Print exactly the first lines of the records. Stop after the line containing "Onyx image 4", and leave every picture out.

Segment Open

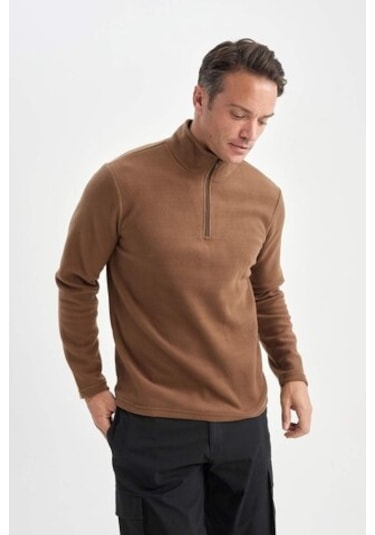DeFacto Kahverengi Tüylenme Yapmayan Soğuk Geçirmez Regular Fit Dik Yaka Fermuarlı Polar Sweatshirt Y3996AZNSBN267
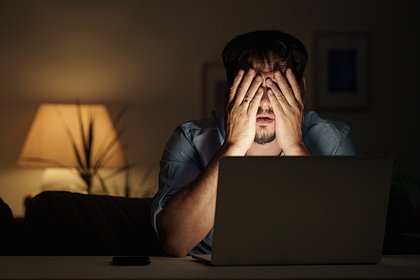 Мужчина увидел запросы жены на порносайте и потерял эрекцию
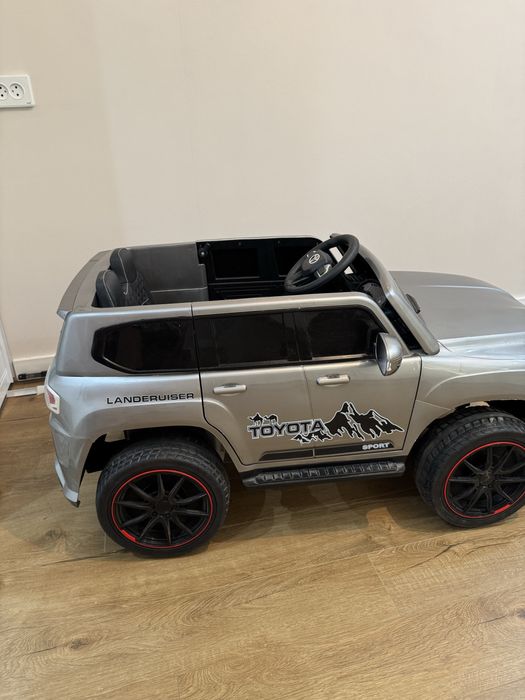 Машина с пультом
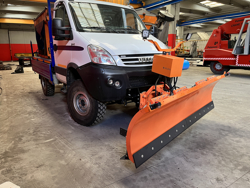 pala quitanieves frontal para furgones ln 250 j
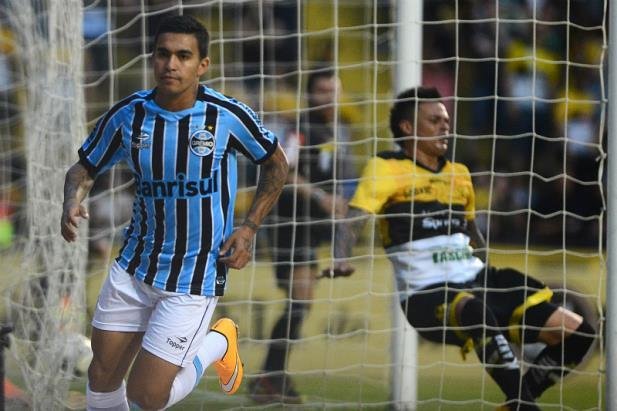 &Aacute;rbitro citou objeto atirado no gramado em Crici&uacute;ma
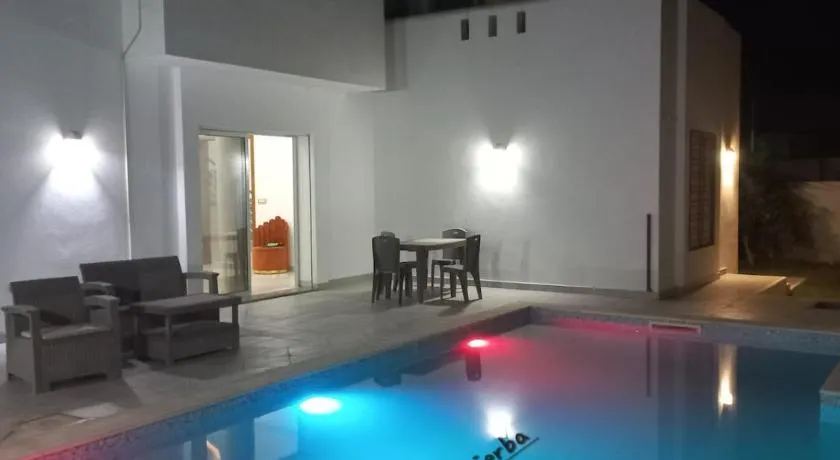 Belle villa avec piscine 3 chambres dont 2 suites - Image 1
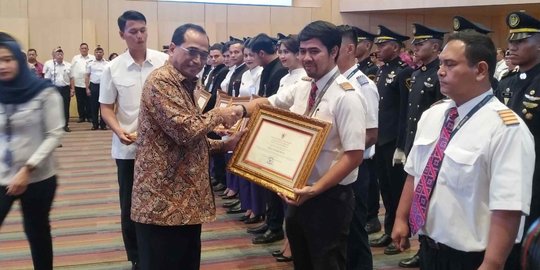 Menhub Budi Beri Penghargaan Bagi Awak Pesawat yang Evakuasi WNI dari China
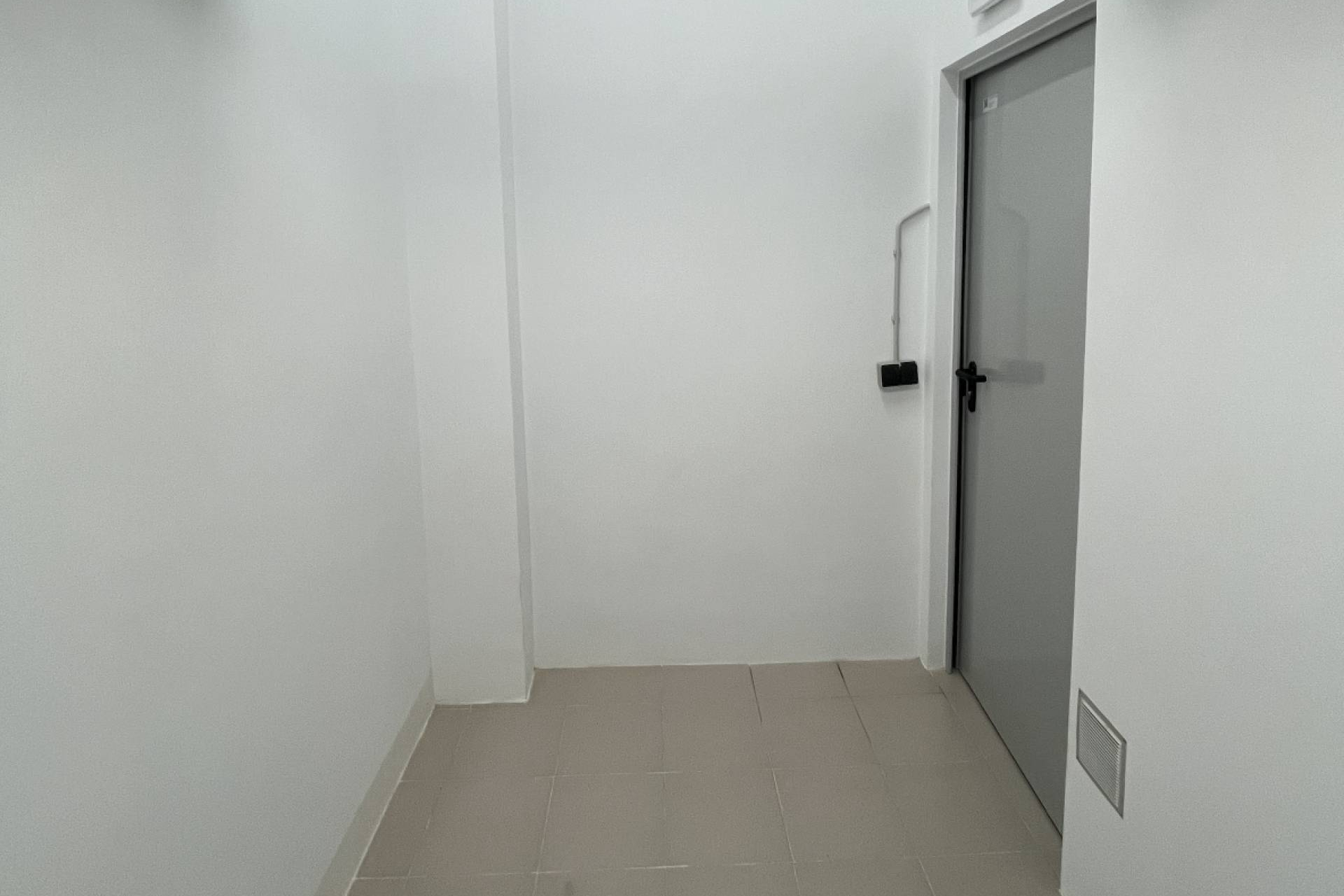 Nueva promoción de trasteros en venta en Badalona; espacios de alta calidad con acceso para vehículo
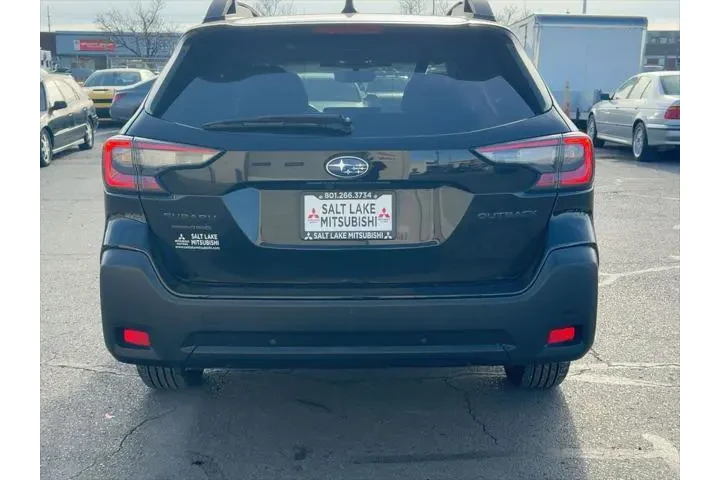 $21772 : Subaru Outback 2023 AWD Onyx image 4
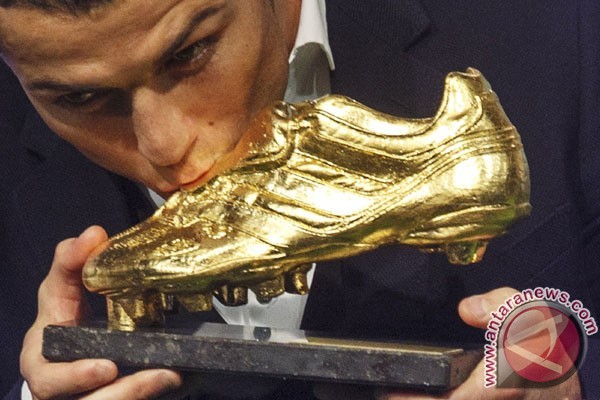 ronaldo raih sepatu emas keempat kalinya antara news ronaldo raih sepatu emas keempat kalinya antara news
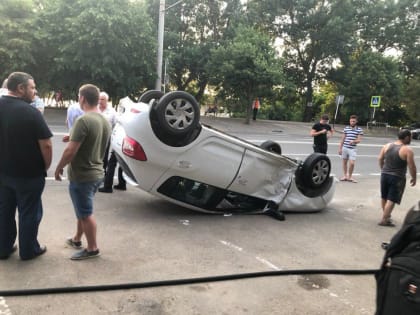 В Краснодаре ищут водителя Infiniti, который протаранил и перевернул иномарку и убежал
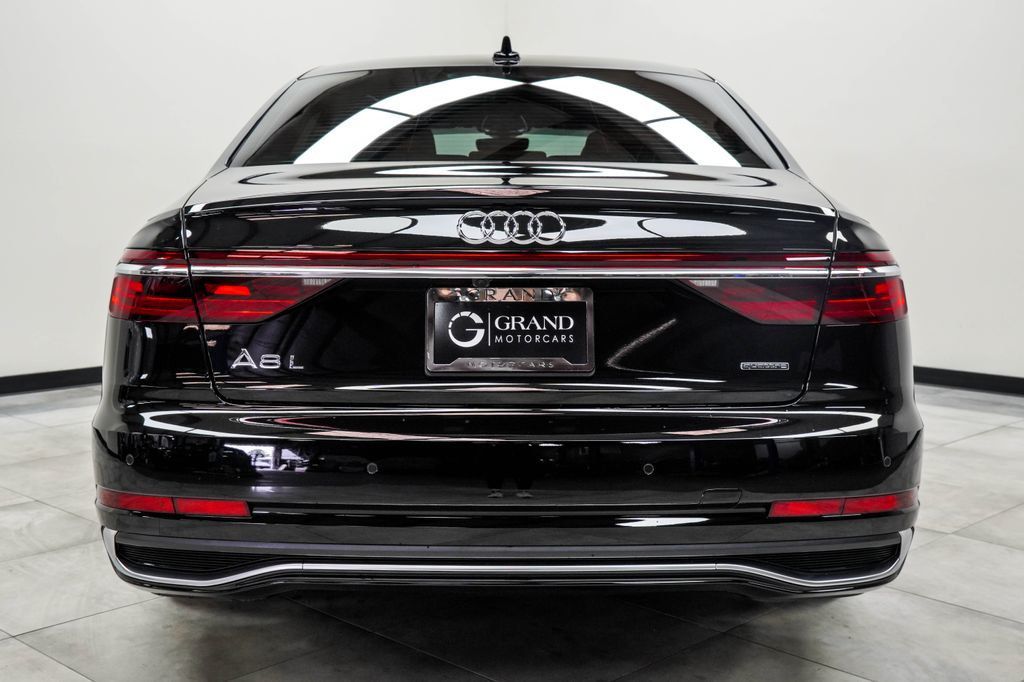 Audi A8 L photo 10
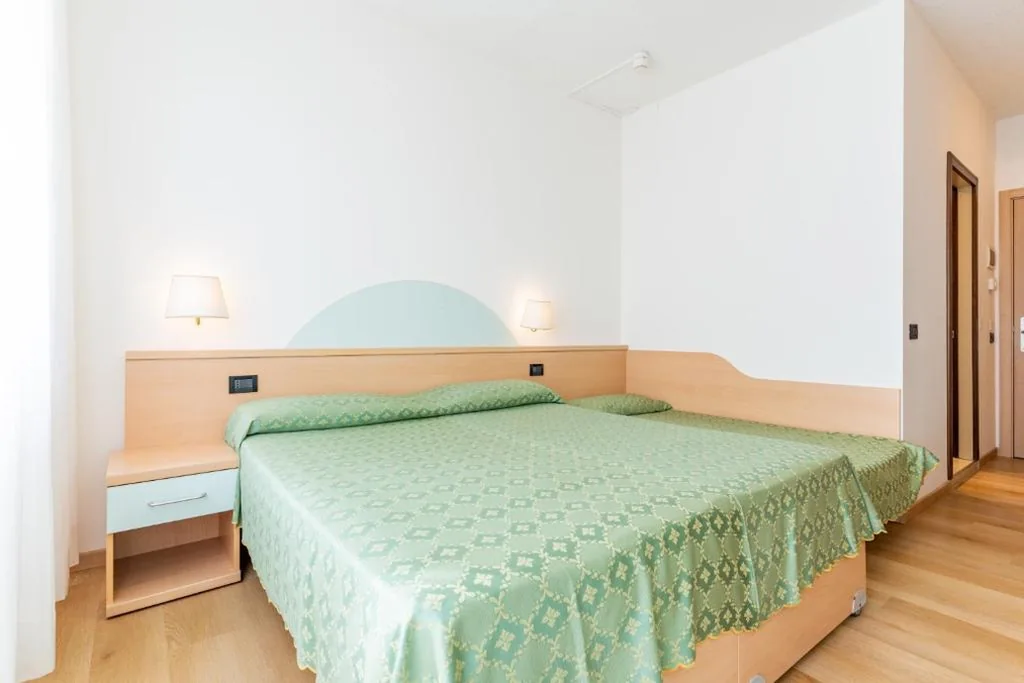 Triple Room — Hotel Europa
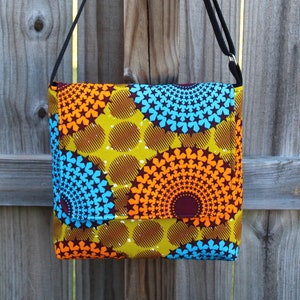 African print Crossbody, Ankara Messenger Bag, gift for women gift for girls, African Clothing, Ankara Bag, Messenger bag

Segment Closed

→ **Solution**
DeFacto Kahverengi Tüylenme Yapmayan Soğuk Geçirmez Regular Fit Dik Yaka Fermuarlı Polar Sweatshirt Y3996AZNSBN267
 Мужчина увидел запросы жены на порносайте и потерял эрекцию
 Машина с пультом
 pala quitanieves frontal para furgones ln 250 j
 &Aacute;rbitro citou objeto atirado no gramado em Crici&uacute;ma
 Belle villa avec piscine 3 chambres dont 2 suites - Image 1
 Menhub Budi Beri Penghargaan Bagi Awak Pesawat yang Evakuasi WNI dari China
 Nueva promoción de trasteros en venta en Badalona; espacios de alta calidad con acceso para vehículo
 $21772 : Subaru Outback 2023 AWD Onyx image 4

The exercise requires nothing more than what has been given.